Public universities have restricted or removed art deemed obscene or offensive, and a string of legal cases has pondered the exact meaning of those adjectives. But both Carbon Sink and the Klan panel seem well clear of this territory, and while their stories are unpleasant and inconvenient, they’re built with facts.

Still, the chancellor of Indiana University, Sharon Brehm, could have agreed to cover up the mural, or move it. Instead, in the spring of 2002, she gave a thoughtful and quite moving speech on the issue. After acknowledging the history of racial violence in Indiana, ongoing racism in the state, and the lack of racial diversity on campus, she said:

What follows, then, is my own deeply felt position, respectfully developed after careful listening and much reflection.

I am convinced that moving or covering the mural would be morally wrong, because it would, in effect, do what Benton refused to do: that is, it would hide the shameful aspects of Indiana’s past.
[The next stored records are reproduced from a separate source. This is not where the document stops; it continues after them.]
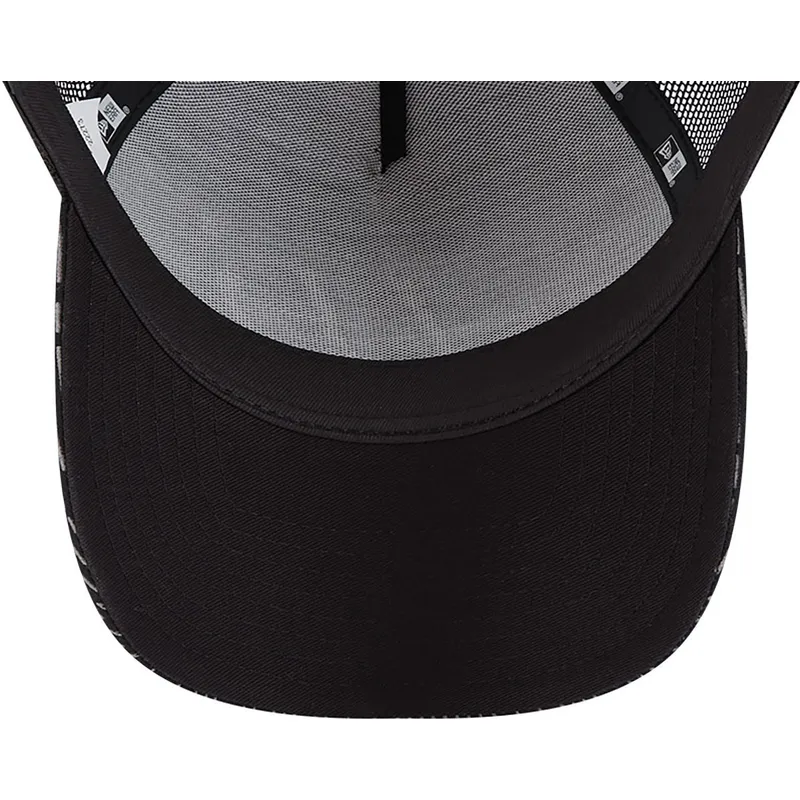 czapki-curva-czarny-snapback-a-frame-reflective-all-over-print-valentino-rossi-vr46-motogp-new-era czapki-curva-czarny-snapback-a-frame-reflective-all-over-print-valentino-rossi-vr46-motogp-new-era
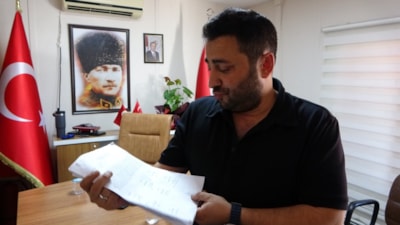 İstanbul'da çöpleri toplanmayan mahalleliden Üsküdar Belediyesi'ne tepki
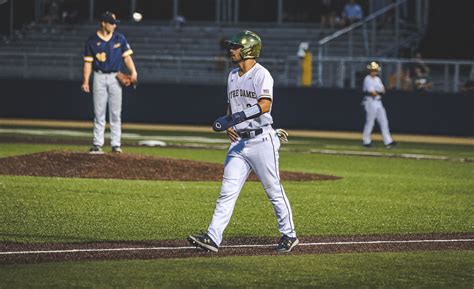 Notre Dame Baseball Schedule 2018 for Men's Baseball. Full schedule for the Fighting Irish Baseball. Join 1,000s of other Notre Dame Alumni and fans on NDNation.com- the independent voice on Notre Dame athletics.. 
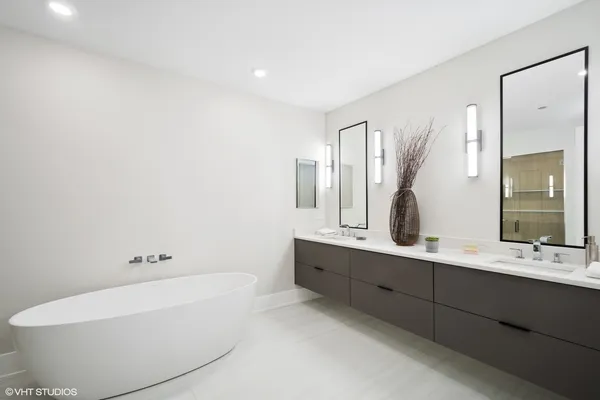 $1,250,000 | 2720 North Ashland Avenue, Unit 1N, Chicago, IL 60614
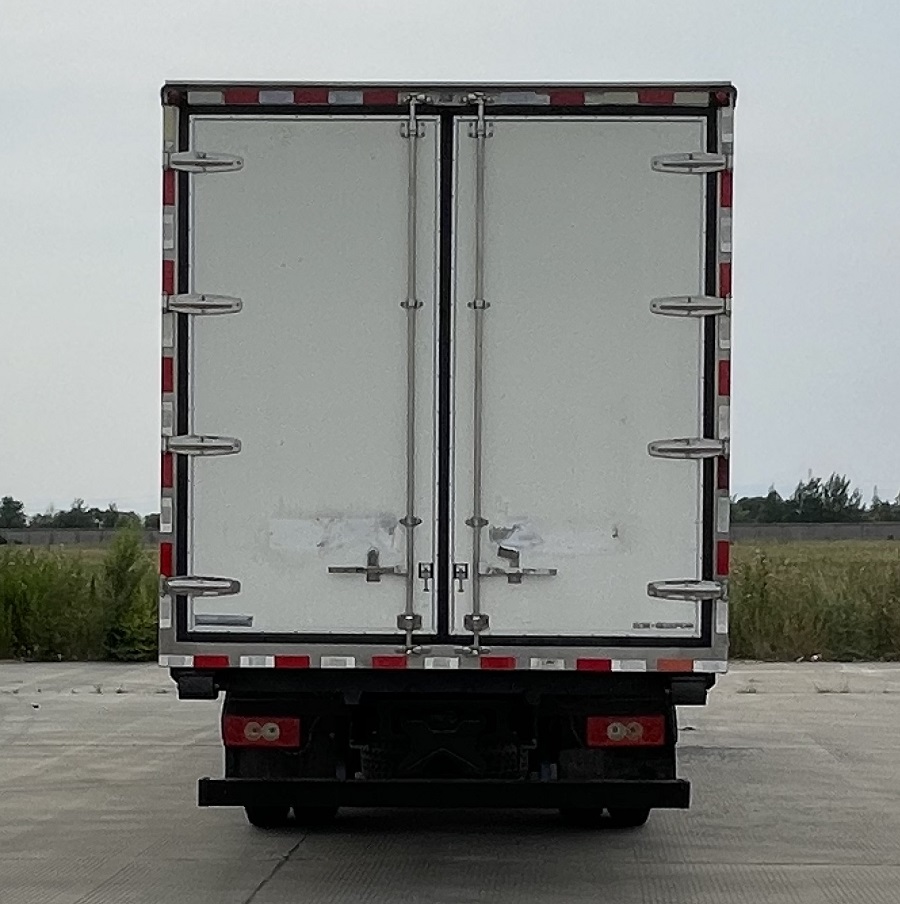 福田牌BJ5108XLCEJFD-AC1冷藏車公告圖片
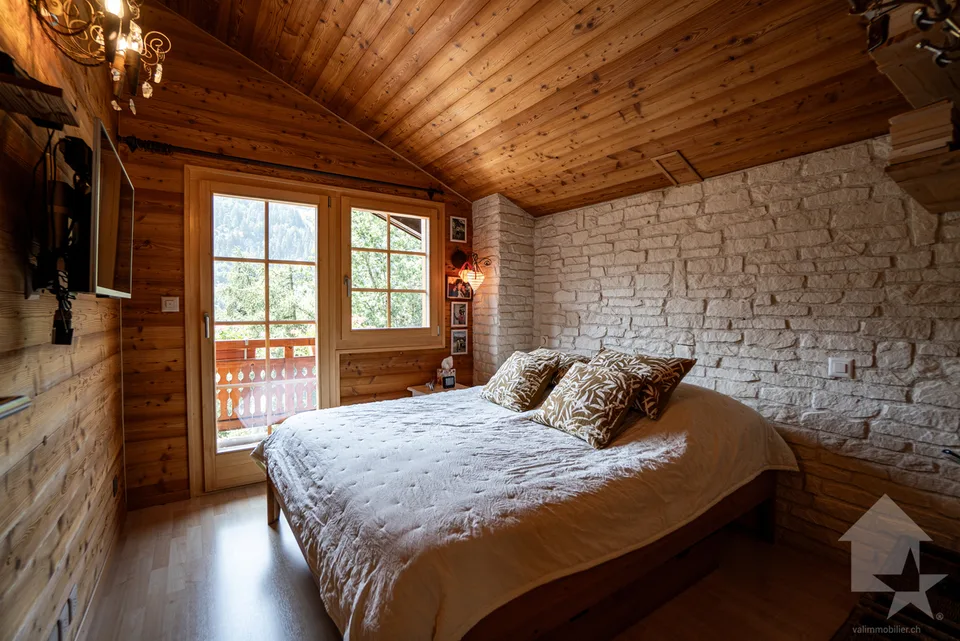 Adorabile chalet con bel giardino, garage doppio e viste splendide – foto 6 di 13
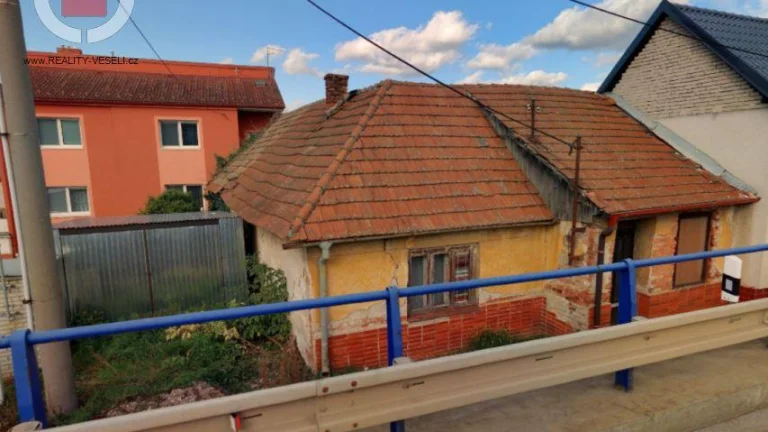 Prodej RD ve Veselí n M., pozemek 174 m2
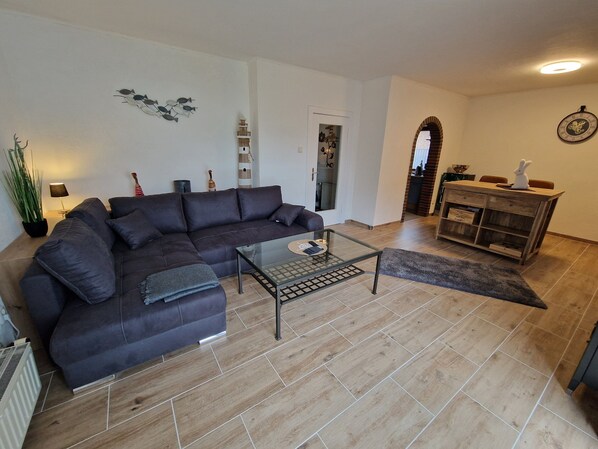 TV - Apartment 'Meereswelle I' with Private Terrace, Shared Garden and Wi-Fi (Büsum)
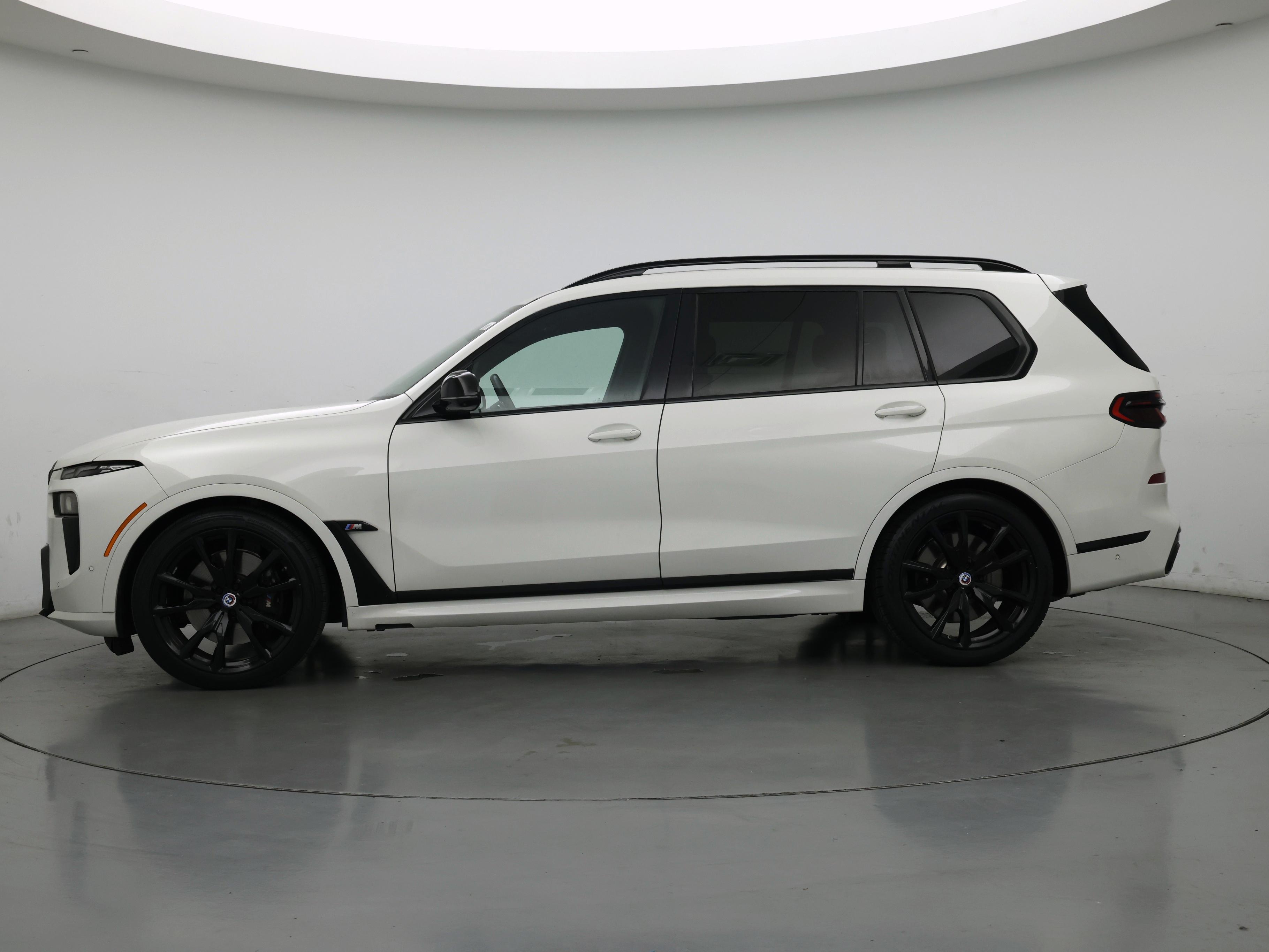 Thumbnail: 2023 BMW X7 - 3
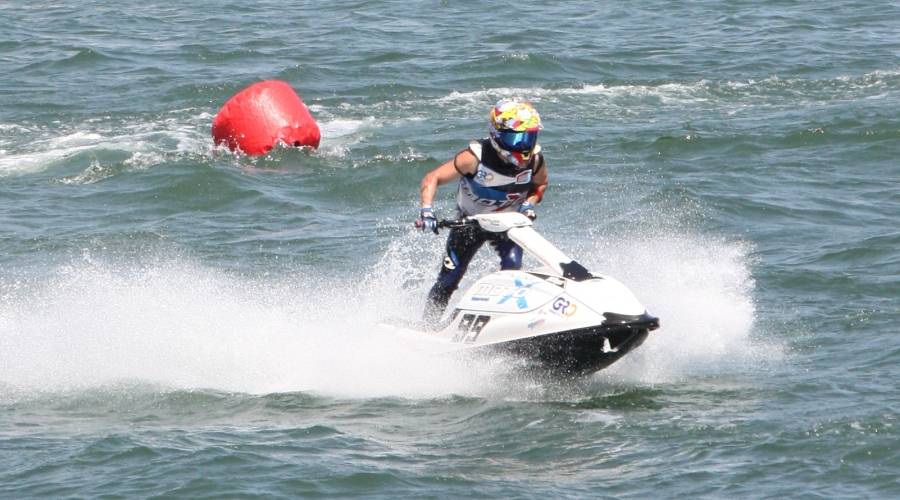 L&rsquo;ampost� Jordi Tom�s, campi� de Catalunya de motos aqu�tiques | EbreActiu.cat, revista digital d&rsquo;oci actiu | Terres de l&rsquo;Ebre ...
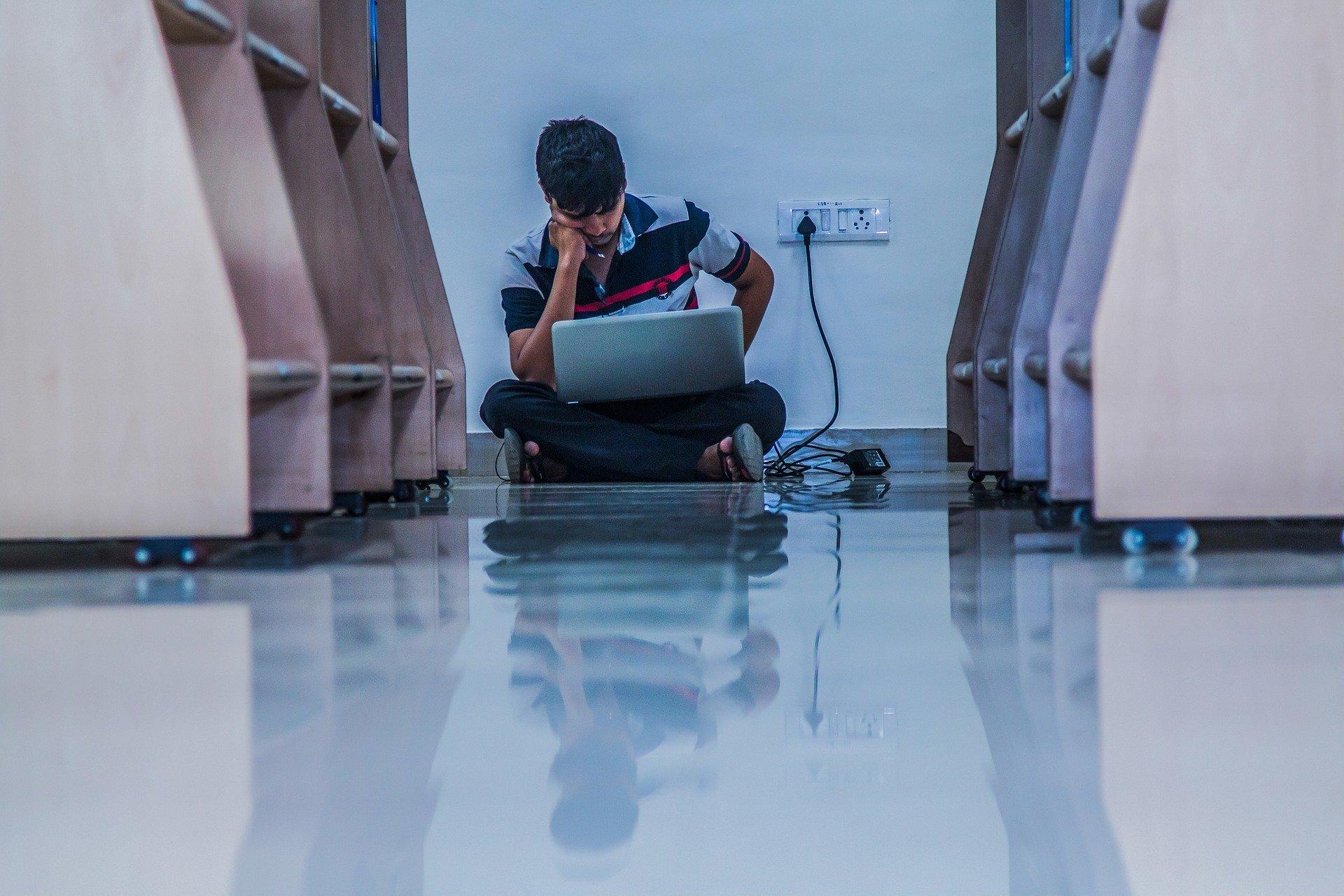niños en secundaria estudiando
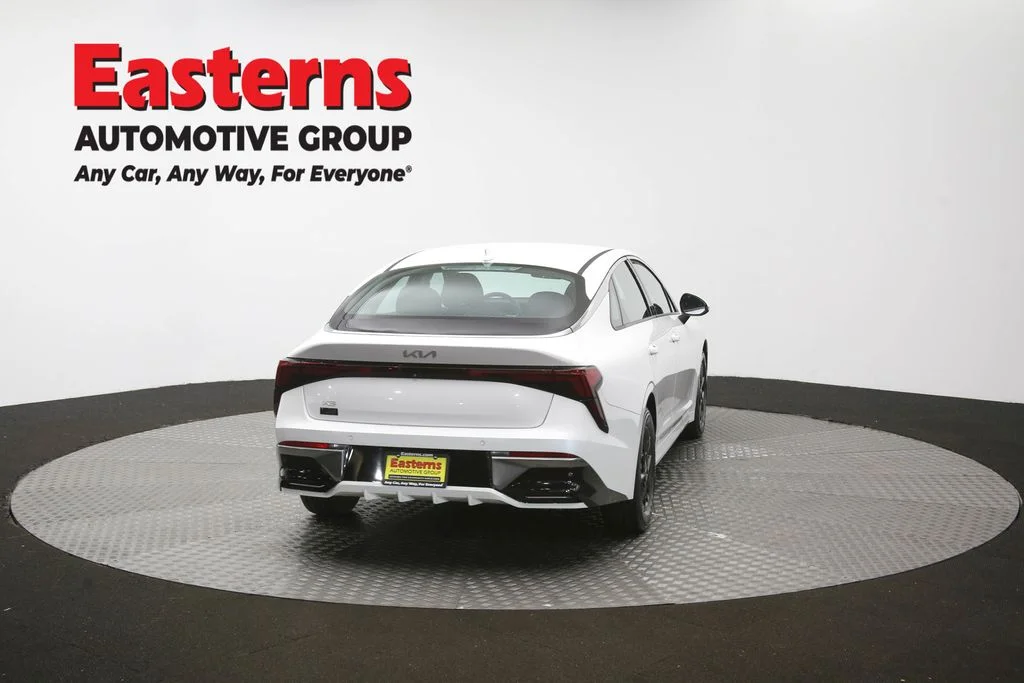 Used 2025 White Kia LXS image 38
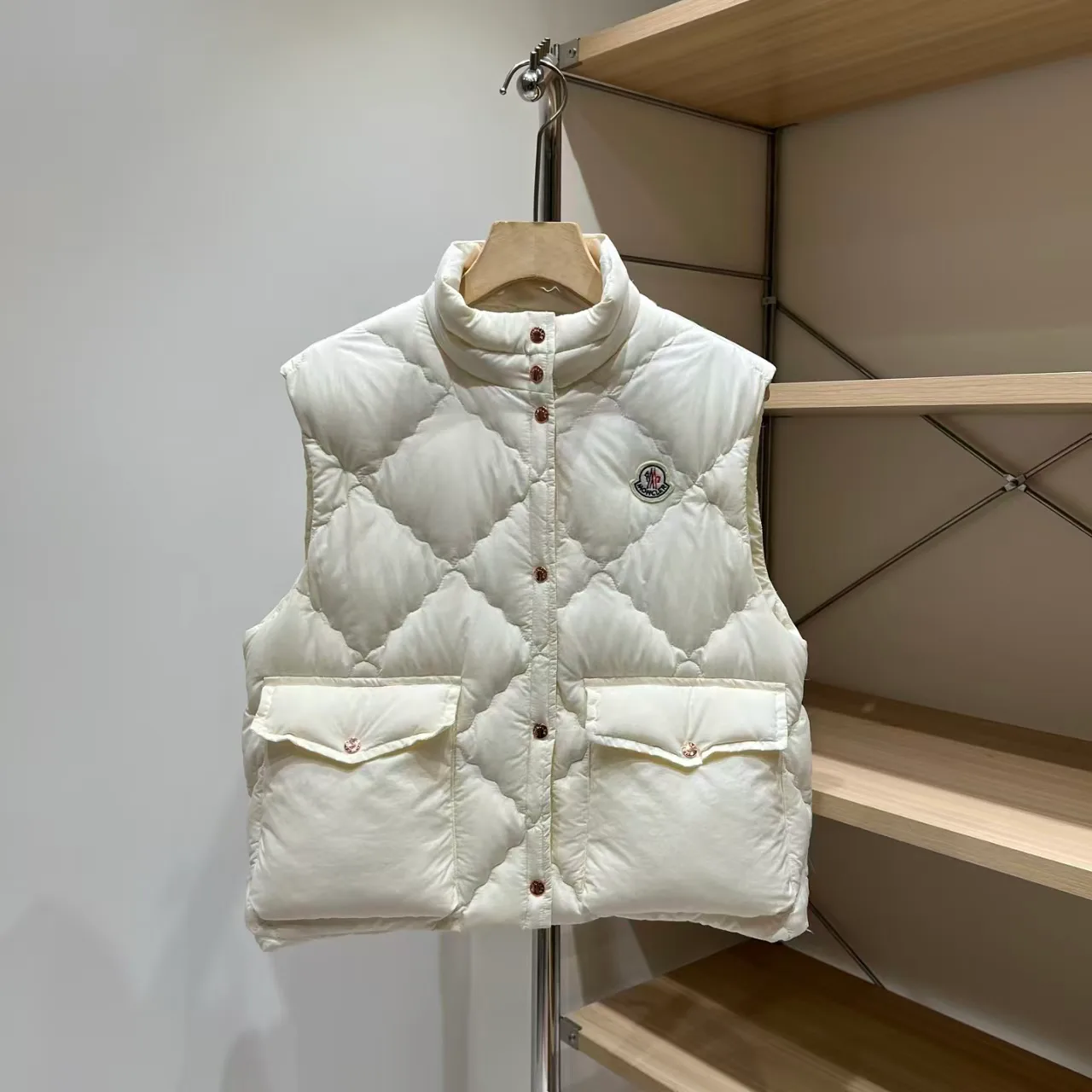 Жилеты Женские Moncler 18131409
I might note that trying to move the mural would probably damage it, perhaps destroy it, but the major issue here is a moral one, not one of cost or even of preservation.

I am also convinced that the major issue running throughout all of the discussions and conversations over these last several weeks is not, in fact, the Benton mural, but is instead the status of diversity on our campus. The real issue, the real test of character, for Indiana University Bloomington is the strength of its commitment to diversity.

The chancellor then proposed an education program around the murals that would provide historical context to all students encountering them. She also proposed several significant diversity initiatives, including a fundraising campaign for more multicultural art on campus: “Let’s put IUB on the artistic map as a center for vigorous, exciting and (yes) controversial art by the multicultural artists of today,” she said. Brehm resigned a few months later to take another position on campus, but multicultural programs have expanded, and active and public examination of the Benton murals has continued.

These cases aren’t identical, of course. An angry university funder is harder to defy than an angry student group, especially if the funder is the coal industry and the university is in Wyoming. But the University of Wyoming, like most public universities, has a mission statement that calls for academic freedom and free expression. University donors are supposed to further that mission, not try to restrict it, and university leaders are supposed to defend it.

What if President Buchanan had given a speech like Chancellor Brehm’s? He could have acknowledged the reaction to Carbon Sink (taking care to first learn its name), and acknowledged the economic and political power of the coal industry in Wyoming. He could have acknowledged the science—some conducted at his own university—that demonstrates the connections between coal power and climate change, and climate change and forest decline. And he could have said that while coal is useful and important, it’s equally important to not only acknowledge its costs but also work to reduce them. He could have pointed to existing university programs aimed at doing just that, and called on the legislature—and the industry—to fund more.

It wouldn’t have ended the controversy. But it might have opened the conversation.